Problem description
Pictures stay out of the copy; set down each line of the listing below exactly.

Data shown
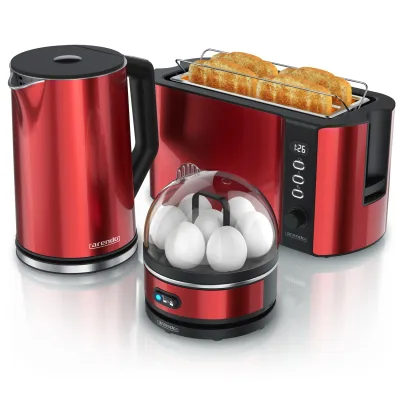Arendo Frühstücks-Set Edelstahl Wasserkocher 1,5l, Eierkocher 7 Eier, 4-Scheiben Toaster rot (3-tlg), Langschlitz Brötchenaufsatz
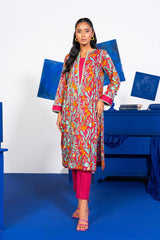 1 Pc Printed Lawn Shirt | Silver | Al Karam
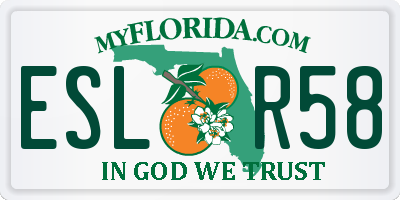 FL license plate ESLR58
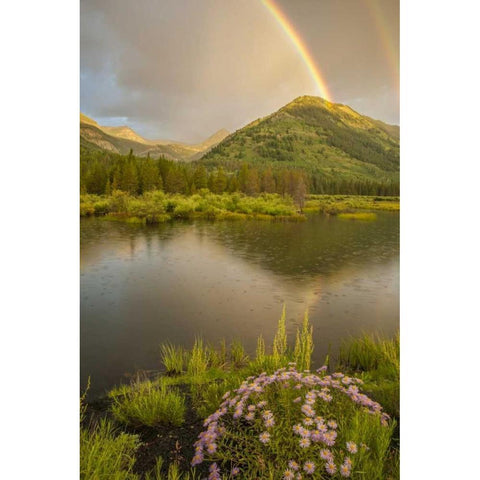 CO, Gunnison NF Rainbows over Slate River Valley Black Modern Wood Framed Art Print by Illg, Cathy and Gordon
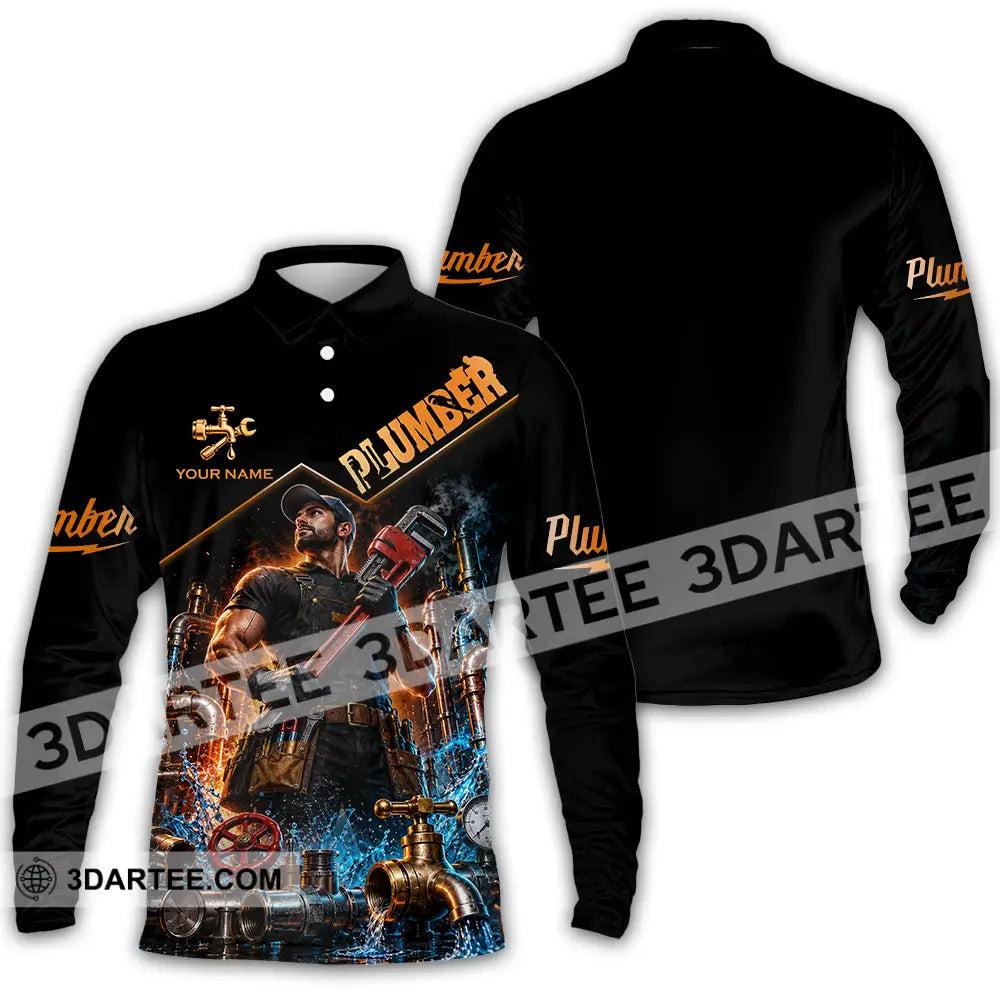 Unisex Shirt - Custom Plumber Shirt - Long Sleeve Polo / S - T-shirt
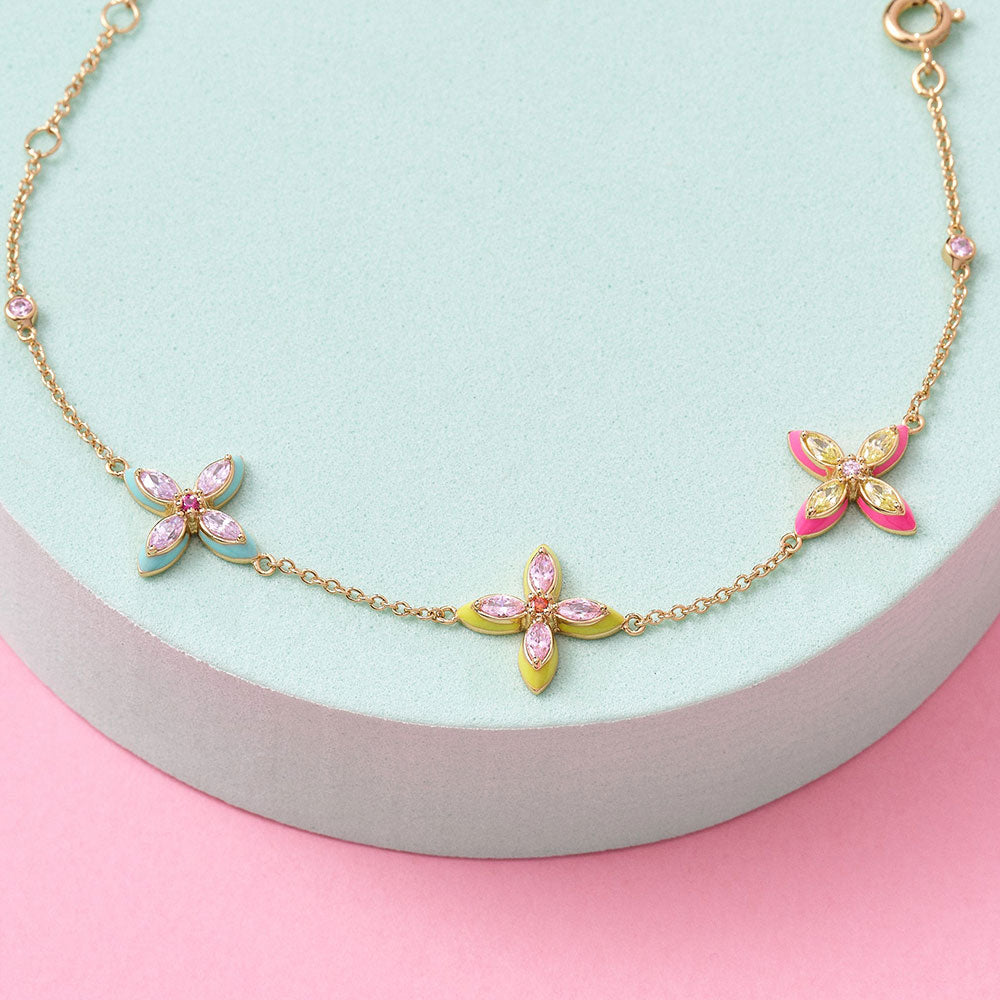 Amelia Scott Gold Lucky Clover Sherbet Enamel Bracelet image 1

Response area
Arendo Frühstücks-Set Edelstahl Wasserkocher 1,5l, Eierkocher 7 Eier, 4-Scheiben Toaster rot (3-tlg), Langschlitz Brötchenaufsatz
 1 Pc Printed Lawn Shirt | Silver | Al Karam
 FL license plate ESLR58
 CO, Gunnison NF Rainbows over Slate River Valley Black Modern Wood Framed Art Print by Illg, Cathy and Gordon
 Unisex Shirt - Custom Plumber Shirt - Long Sleeve Polo / S - T-shirt
 Amelia Scott Gold Lucky Clover Sherbet Enamel Bracelet image 1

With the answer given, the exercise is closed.